--- Available records ---
○ ○ ○ ○ ○

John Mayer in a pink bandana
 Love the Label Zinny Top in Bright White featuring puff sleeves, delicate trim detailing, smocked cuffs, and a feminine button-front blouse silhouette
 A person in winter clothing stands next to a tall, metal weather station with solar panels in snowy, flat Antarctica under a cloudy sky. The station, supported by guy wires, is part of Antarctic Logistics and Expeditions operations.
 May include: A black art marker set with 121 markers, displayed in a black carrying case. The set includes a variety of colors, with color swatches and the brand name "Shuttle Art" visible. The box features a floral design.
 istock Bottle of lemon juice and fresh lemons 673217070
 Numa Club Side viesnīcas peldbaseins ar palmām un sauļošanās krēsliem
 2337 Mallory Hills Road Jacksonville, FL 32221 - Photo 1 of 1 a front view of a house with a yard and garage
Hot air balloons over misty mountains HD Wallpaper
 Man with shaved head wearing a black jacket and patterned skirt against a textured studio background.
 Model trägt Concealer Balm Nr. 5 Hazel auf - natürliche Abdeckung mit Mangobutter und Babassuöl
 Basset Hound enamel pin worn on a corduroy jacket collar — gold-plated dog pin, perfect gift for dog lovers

○ ○ ○ ○ ○

--- Task requirements ---
Look above for the line containing "Numa Club Side"; reproduce it and every line after it through the end of the material, exactly, and nothing else.

--- Worked solution ---
 Numa Club Side viesnīcas peldbaseins ar palmām un sauļošanās krēsliem
 2337 Mallory Hills Road Jacksonville, FL 32221 - Photo 1 of 1 a front view of a house with a yard and garage
Hot air balloons over misty mountains HD Wallpaper
 Man with shaved head wearing a black jacket and patterned skirt against a textured studio background.
 Model trägt Concealer Balm Nr. 5 Hazel auf - natürliche Abdeckung mit Mangobutter und Babassuöl
 Basset Hound enamel pin worn on a corduroy jacket collar — gold-plated dog pin, perfect gift for dog lovers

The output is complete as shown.